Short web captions
*** Begin section ***

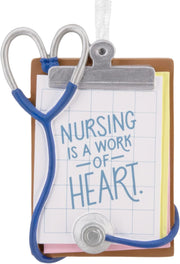 Nursing is a Work of Heart  Hallmark Ornament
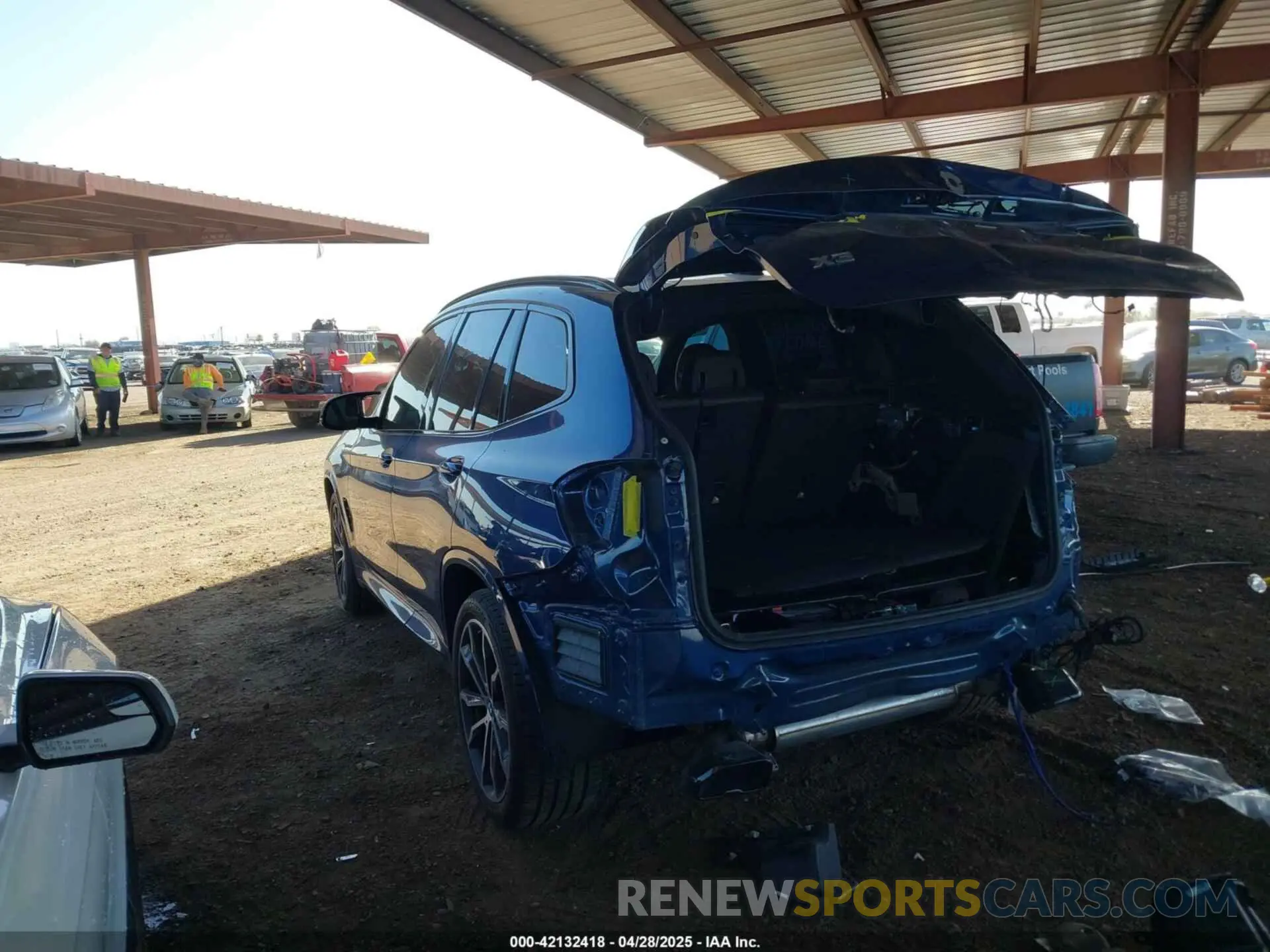 3 fotografías del automóvil dañado 5UX83DP07N9N22701 BMW X3 2022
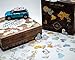 Vintage Map Hearts for Travel Wedding Party Table Scatter Confetti Decoration (200 pieces)
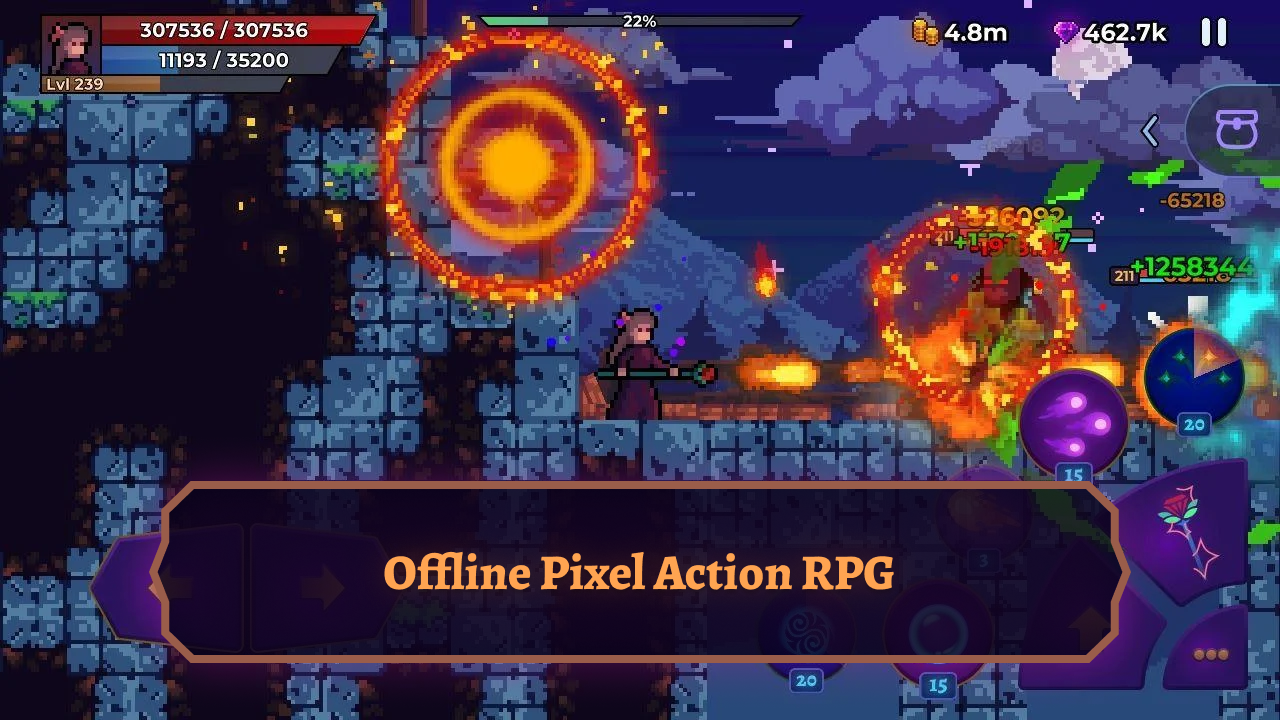 اسکرین شات 1 بازی Moonrise Arena - Pixel RPG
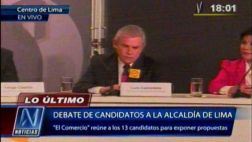 Castañeda en debate: "Hay que levantar autoestima del limeño"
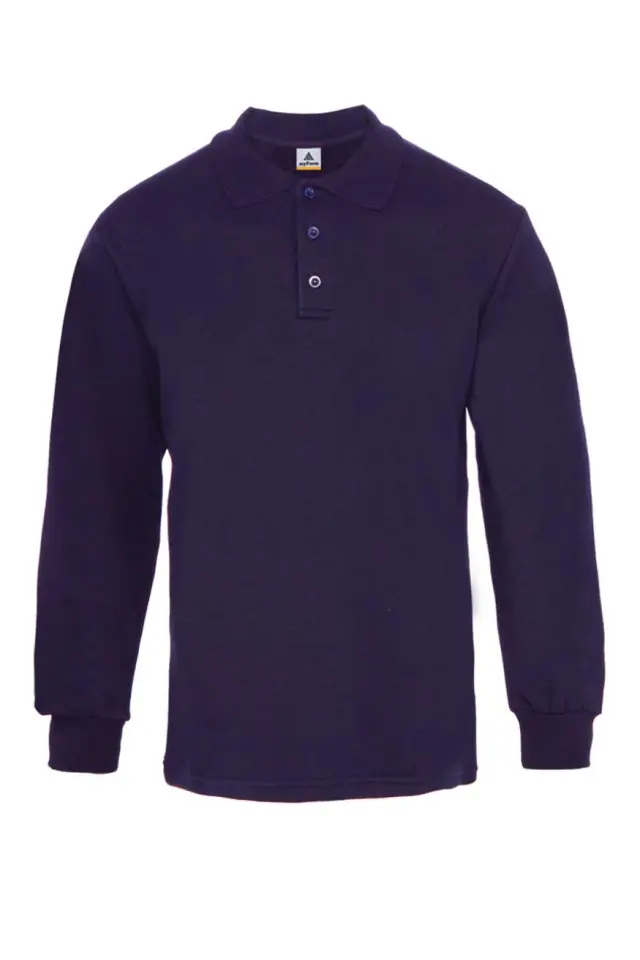 Myform Comfort 8115 Lacivert Polo Yaka Sweatshirt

*** End section ***

- **ASSIGNMENT**:
Reproduce the records above exactly, but only from the line containing "Vintage Map Hearts" through the last line, both included, and without any pictures.

- **WRITTEN ANSWER**:
 Vintage Map Hearts for Travel Wedding Party Table Scatter Confetti Decoration (200 pieces)
 اسکرین شات 1 بازی Moonrise Arena - Pixel RPG
 Castañeda en debate: "Hay que levantar autoestima del limeño"
 Myform Comfort 8115 Lacivert Polo Yaka Sweatshirt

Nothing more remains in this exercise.